今度は何の告白が始まるの~?みたいな、頭を抱え込むように大げさなジェスチャーをして私を笑わせる。
「加恋ちゃん、俺が嫌がる事? もしくは傷つく事?」
私は正直に素直に「はい!」と答えた。
「はい!って…」
私はトオルさんの表情に惑わされないようにトオルさんを直視する事なく、伝えたい事を箇条書き風に一気に話した。

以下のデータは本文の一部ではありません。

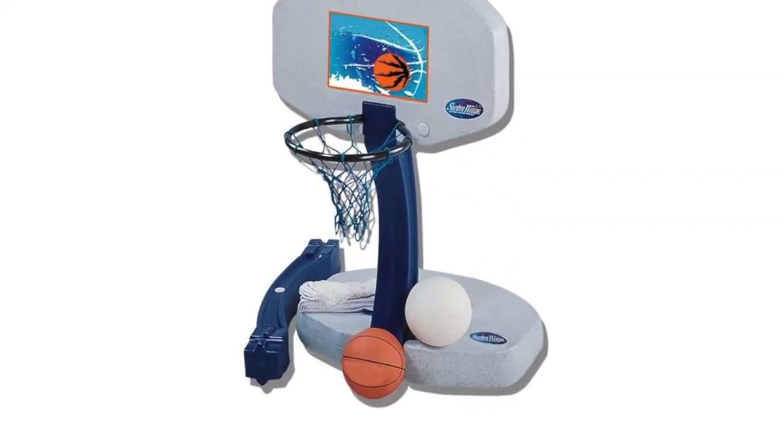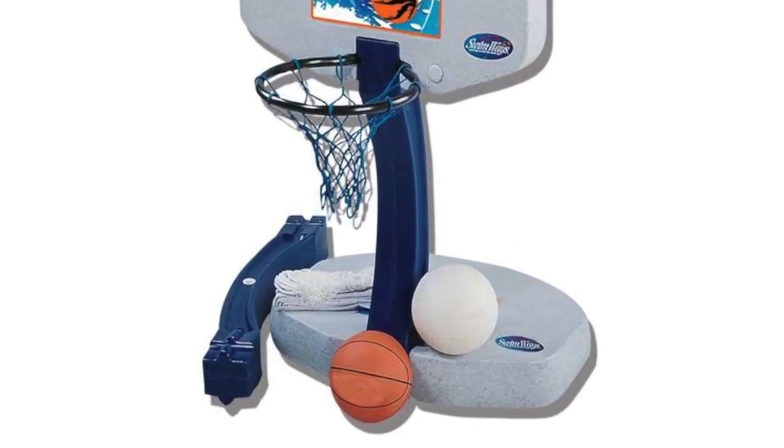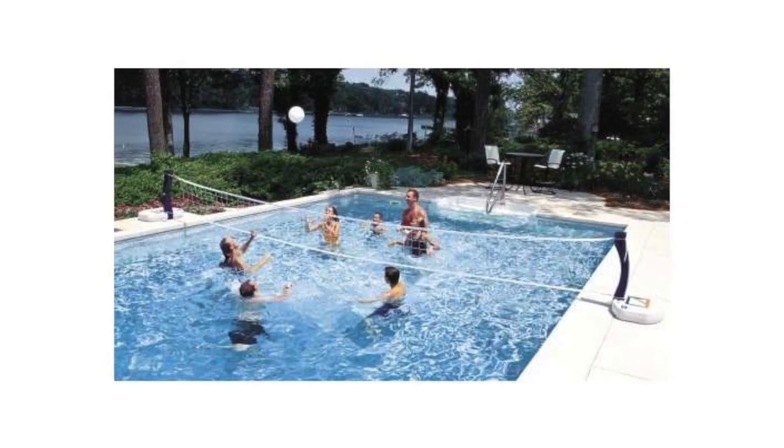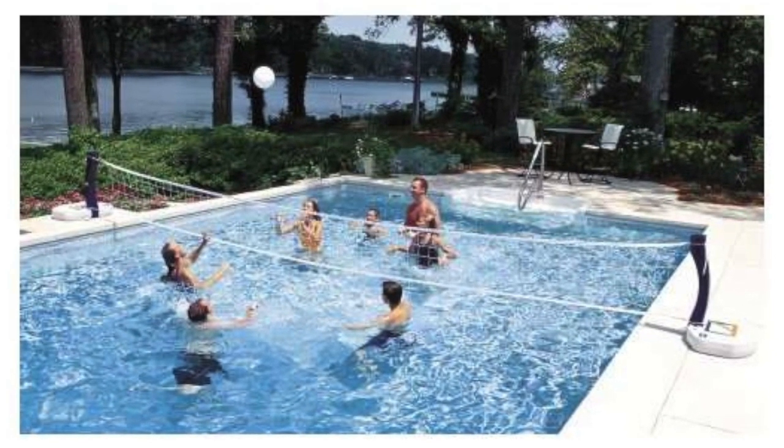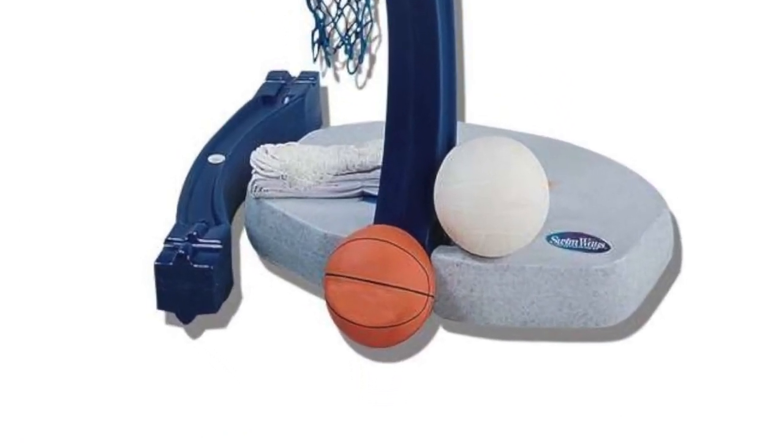This set includes two heavy-duty bases that you can fill with water or sand for stability. The volleyball net can span up to 24 feet, plus the set includes a pro style volleyball as well as a pro style basketball.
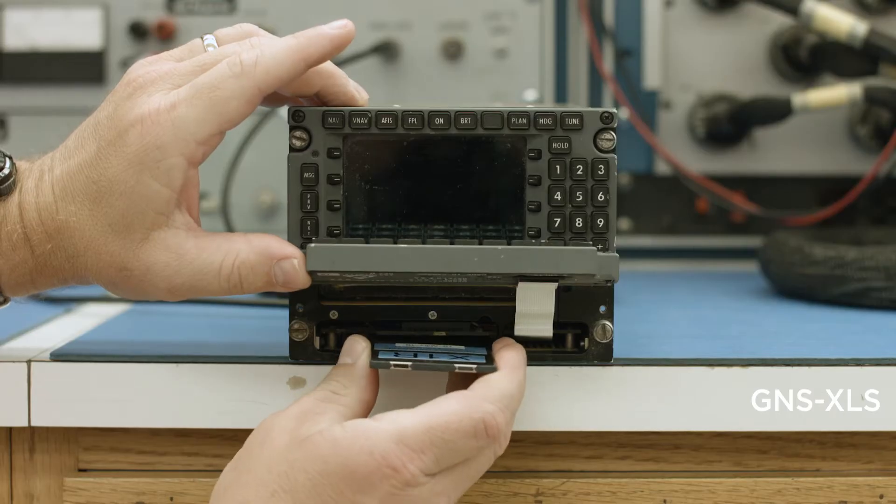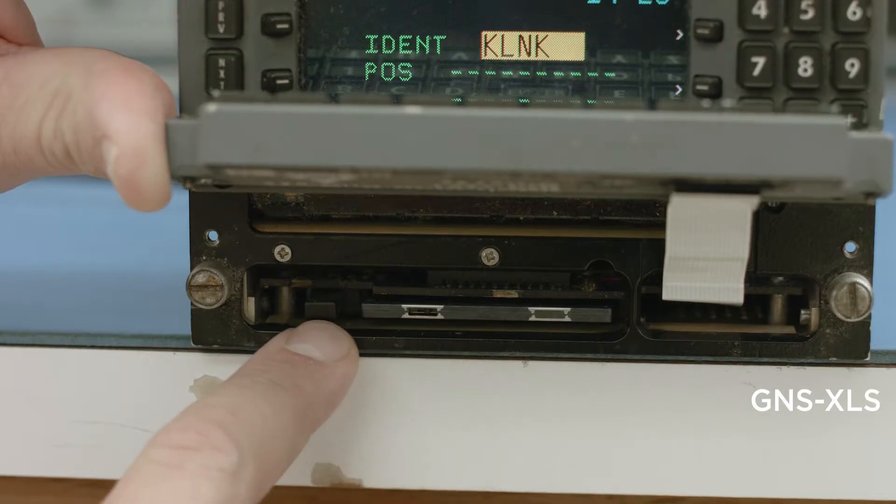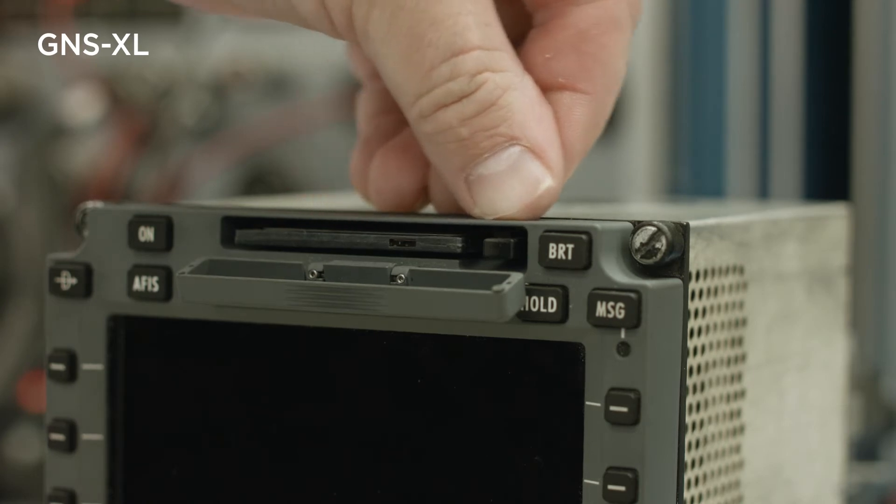The easiest way to determine whether or not the database card is installed properly is by looking at the ejection mechanism. Your lock tab on the PCMCIA card must be on the same side as the ejection mechanism. Note that this is inverted between the XLS and the XL. Make sure the lock tab on the PCMCIA card is closest to the ejection mechanism.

渡米するまでの一か月近く、専属のトレーナーが付いて私の体づくりをする事。
食事も生活のリズムもそのトレーナーの作成するメニュー通りにする事。
そのほか、エトセトラ…
エトセトラは、トオルさんの顔が怖くて小さな声で言った内容。
多分、トオルさんの耳にはちゃんと入っていない事柄。
ほら、やっぱりトオルさんは怖い顔で私をジッと見ている。
そんな風に睨まれたら、町田トレーナーの人となりを話す事なんて絶対できない。
だって、怖すぎるんだもん…
「そのトレーナーは女の人…?」
ほら、来た…
トオルさんの目はその一筋の望みを期待している。